Оказав столь неоценимую услугу Римскому-Корсакову, С. И. Мамонтов на этом не остановился. Он вывел из тьмы забвения обе оперы Мусоргского, “Бориса Годунова” и “Хованщину”, обе они засияли каким-то новым светом. Общество встретило их, как незнакомцев, стало приглядываться, постепенно входить во вкус и, наконец, поняло, что имеет дело с образцами высокого художества, красота которых доселе обреталась под спудом в силу какогото непонятного недоразумения.
Своим вниманием к лучшим созданиям русского музыкального искусства Мамонтов снискал себе неувядаемую славу. Он стал рядом с П. М Третьяковым как тот всю свою долгую жизнь положил на собирание произведений русской живописи, создав грандиозный музей, так и С. И. Мамонтов все силы своего духа употребил на пропаганду русского музыкального искусства, поскольку последнее выражается в сценической форме. Задача, избранная им, была неблагодарна. Дело Третьякова пережило своего создателя, Третьяковская галерея служить памятником, к которому “не зарастет народная тропа”, а театр Мамонтова исчез, и не осталось и следа от его блестящего существования.

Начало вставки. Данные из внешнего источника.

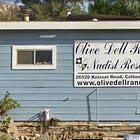 Olive Dell Ranch goes textile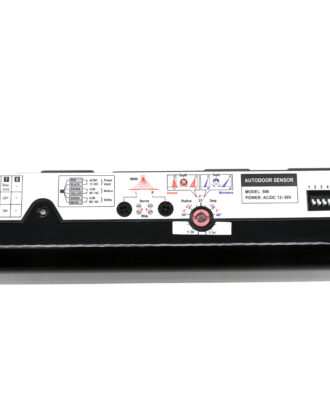 M506 Microwave Motion + Infrared 2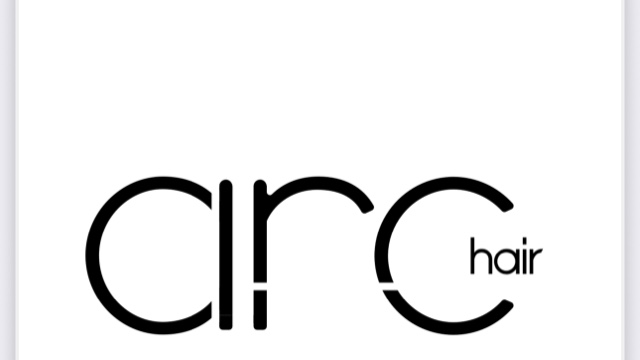 arc hair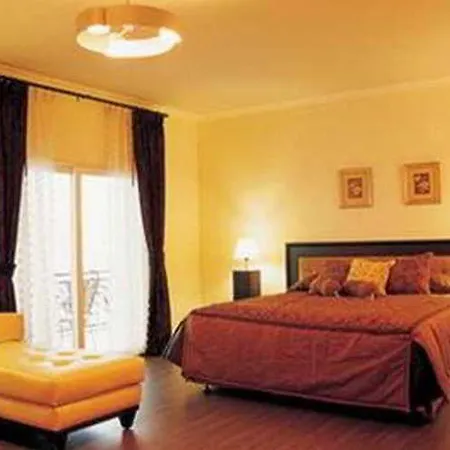 Lk Metropole 4* Pattaya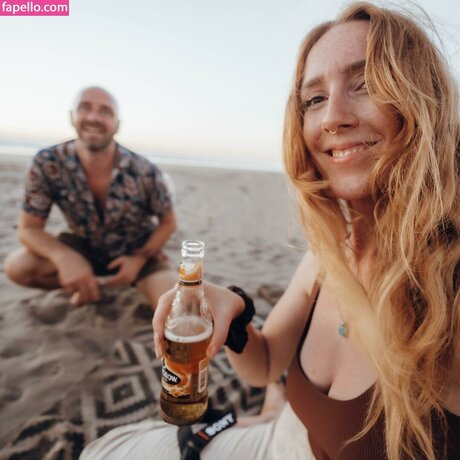 Chesca Ben naked onlyfans pics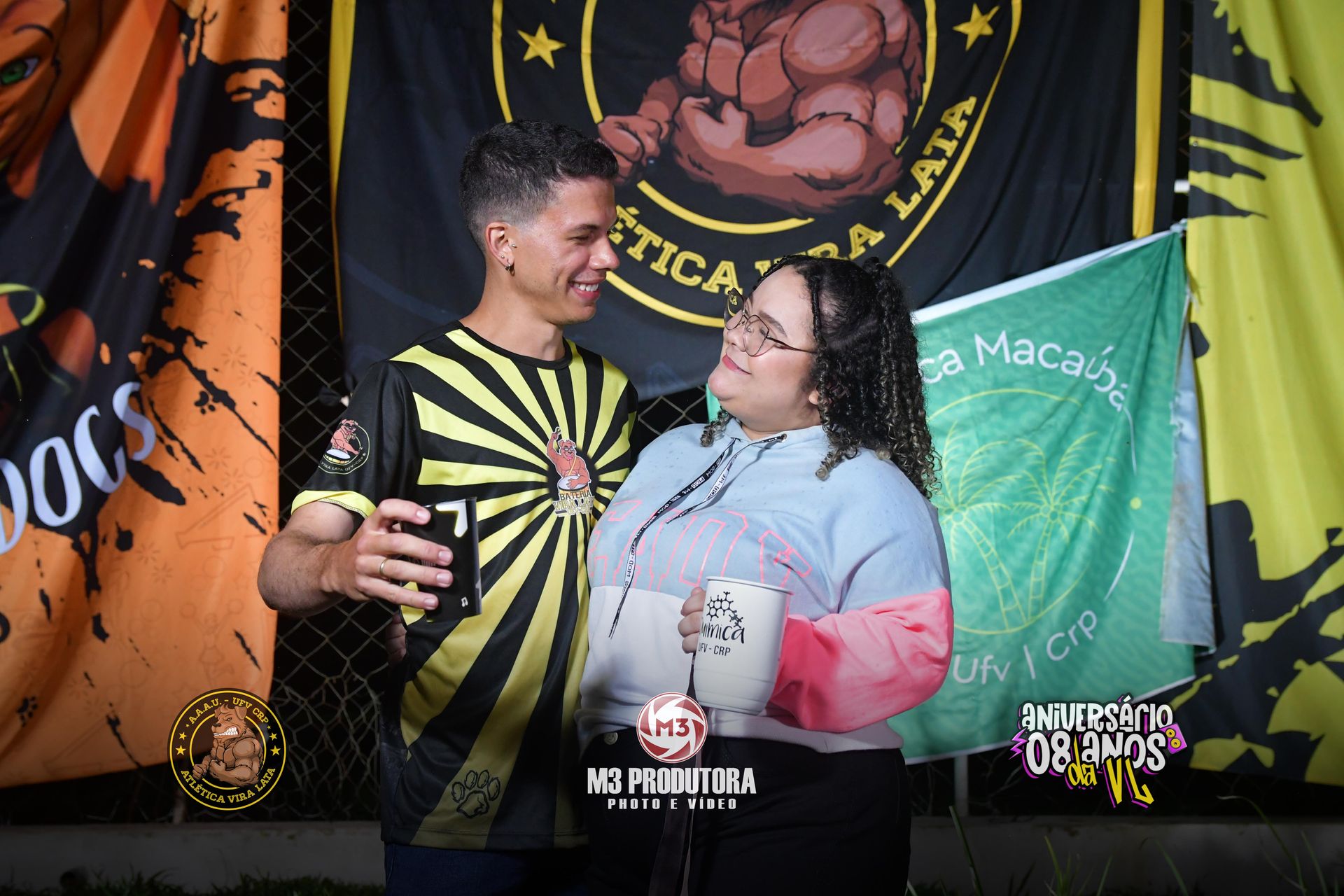 FESTA VIRA LATA 8 ANO - 2024 - 2 - 396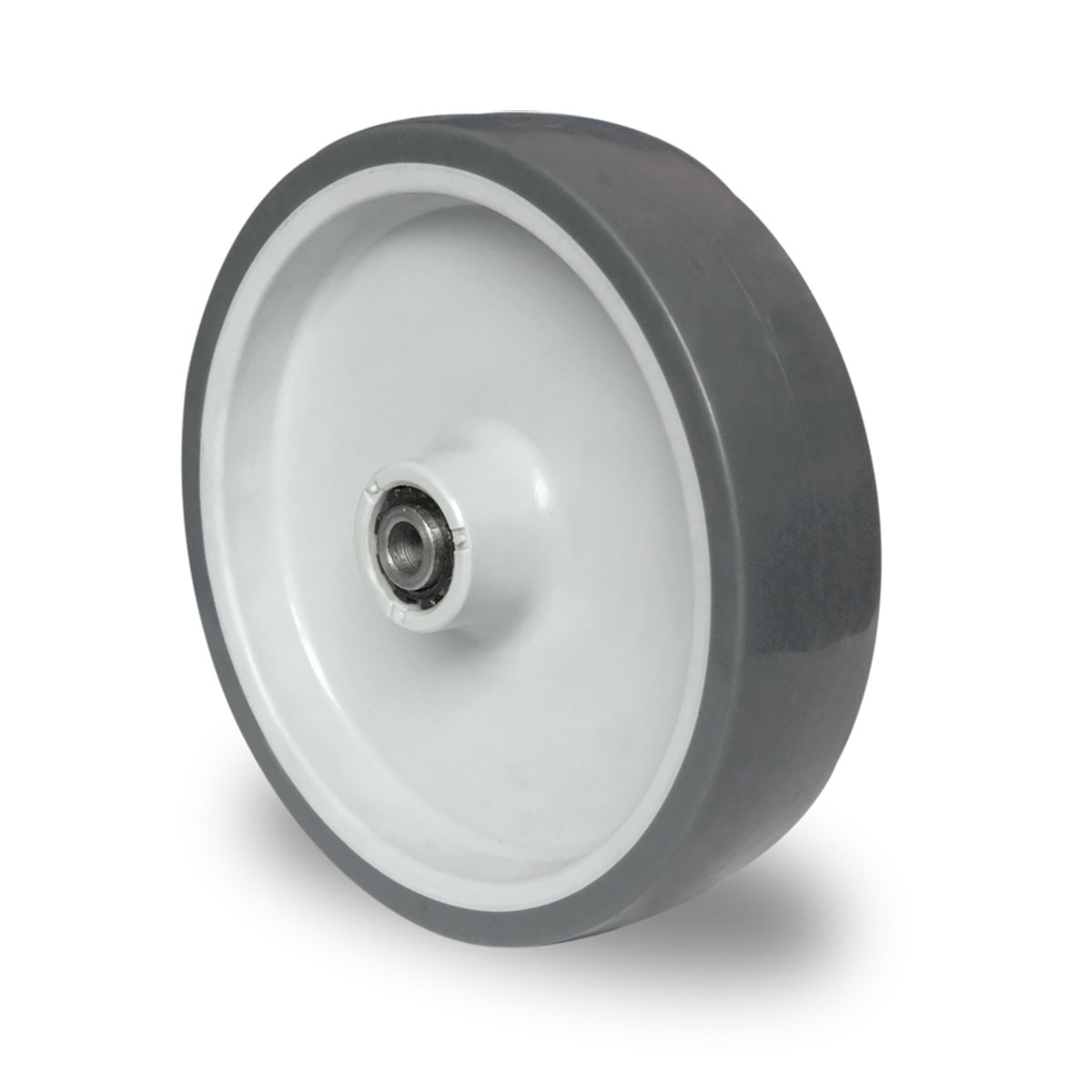 wheel d 200 mm series P2V2 roller bearing
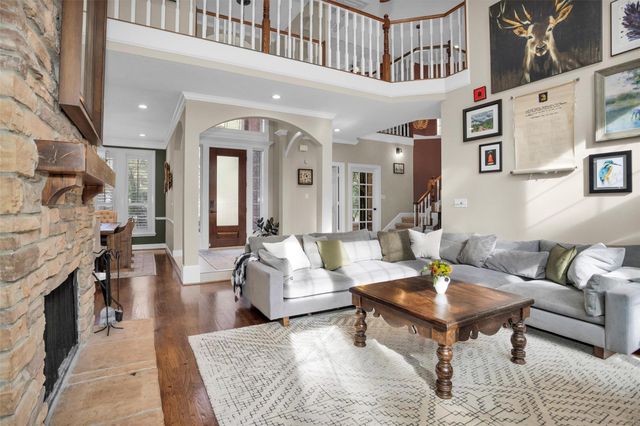 6603 Ranch Park Drive, Magnolia, TX 77354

Придет время, и самое имя Мамонтова сотрется из памяти людской, и лишь немногие будут знать, что такими-то и такими-то крупнейшими событиями в жизни русского искусства мы в глубочайшей степени обязаны ему одному. Да и сейчас, многие ли знают, что где-то за Бутырской заставой, там, где кончаются дома Москвы, стоит, заброшенное среди пустыря, двигаясь через который можно утонуть в грязи, одинокое деревянное строение, и там, озаренный пламенем обжигательной печи, сидит старый колдун и выделывает волшебные кирпичи, выделывает их с тем же воодушевлением, с каким, бывало, бегал по сцене во время репетиций, стараясь внушить разношерстной толпе артистов и хористов те художественные идеи, что молниеносно блеснули в его мозгу, полном красочных фантазий Абрамцевская мастерская известна всем, но едва ли ведомо нашему обществу, что блестящим результатом своих работ она обязана тому, что С. И. Мамонтов проводит в ней целые дни, лично следя за ходом этого трудного, ложного и интересного производства.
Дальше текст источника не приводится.